How much memory are you giving to your executors? The default, spark.executor.memory is 512m, which is quite low. Consider raising this. Checking the web UI is a good way to figure out your runtime memory usage.


On Thu, Mar 27, 2014 at 9:22 AM, Ognen Duzlevski <ognen@plainvanillagames.com> wrote:
Look at the tuning guide on Spark's webpage for strategies to cope with this.
I have run into quite a few memory issues like these, some are resolved by changing the StorageLevel strategy and employing things like Kryo, some are solved by specifying the number of tasks to break down a given operation into etc.

Ognen


On 3/27/14, 10:21 AM, Sai Prasanna wrote:
"java.lang.OutOfMemoryError: GC overhead limit exceeded"

What is the problem. The same code, i run, one instance it runs in 8 second, next time it takes really long time, say 300-500 seconds...
I see the logs a lot of GC overhead limit exceeded is seen. What should be done ??

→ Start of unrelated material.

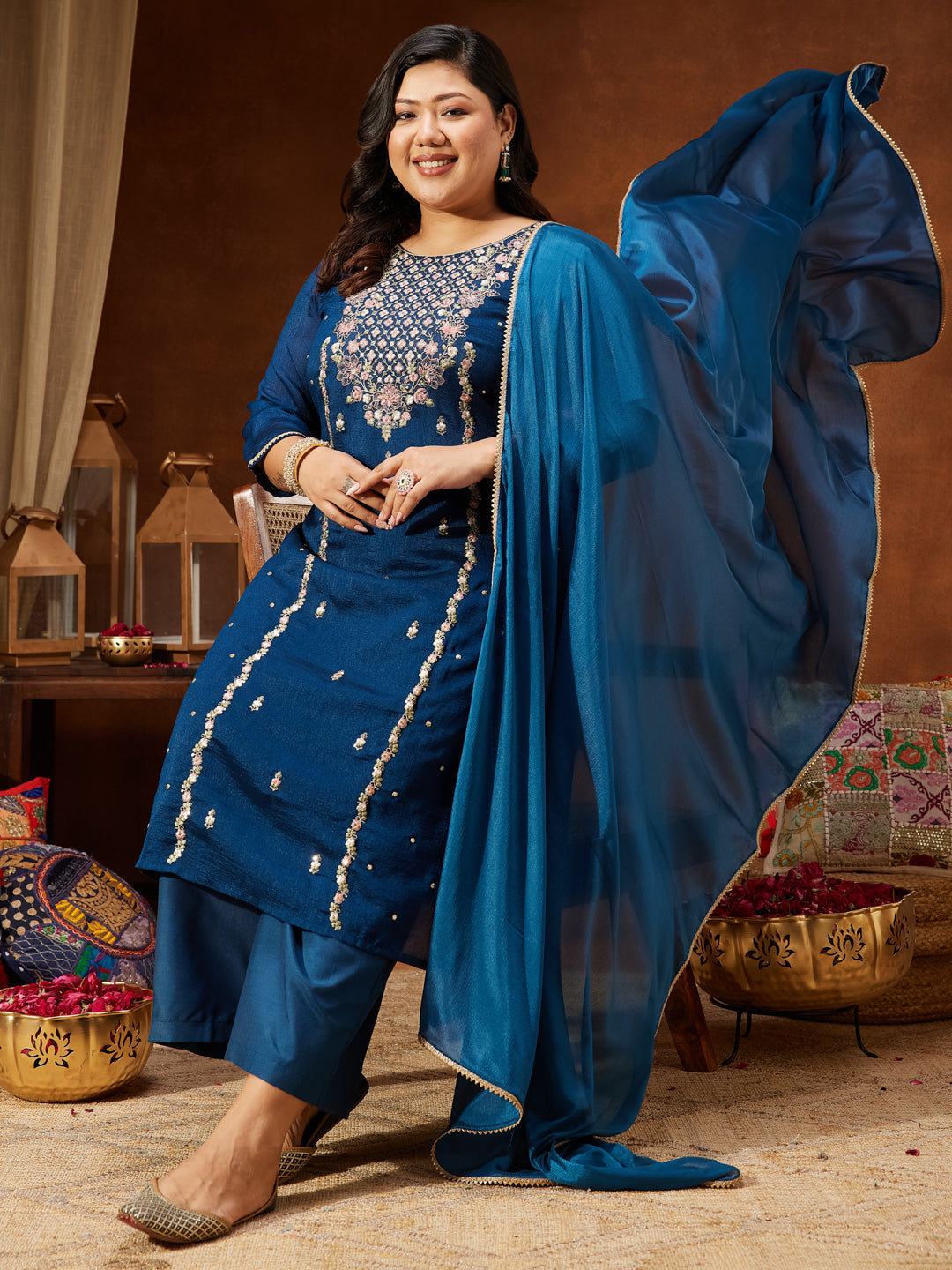 Ninnique Women's Plus Size Teal Blue Silk Blend Zari Embroidered Straight Kurta Set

Please can someone throw some light on it ??



--
Sai Prasanna. AN
II M.Tech (CS), SSSIHL

Entire water in the ocean can never sink a ship, Unless it gets inside.
All the pressures of life can never hurt you, Unless you let them in.






--
Sai Prasanna. AN
II M.Tech (CS), SSSIHL

Entire water in the ocean can never sink a ship, Unless it gets inside.
All the pressures of life can never hurt you, Unless you let them in.





--
Sai Prasanna. AN
II M.Tech (CS), SSSIHL

Entire water in the ocean can never sink a ship, Unless it gets inside.
All the pressures of life can never hurt you, Unless you let them in.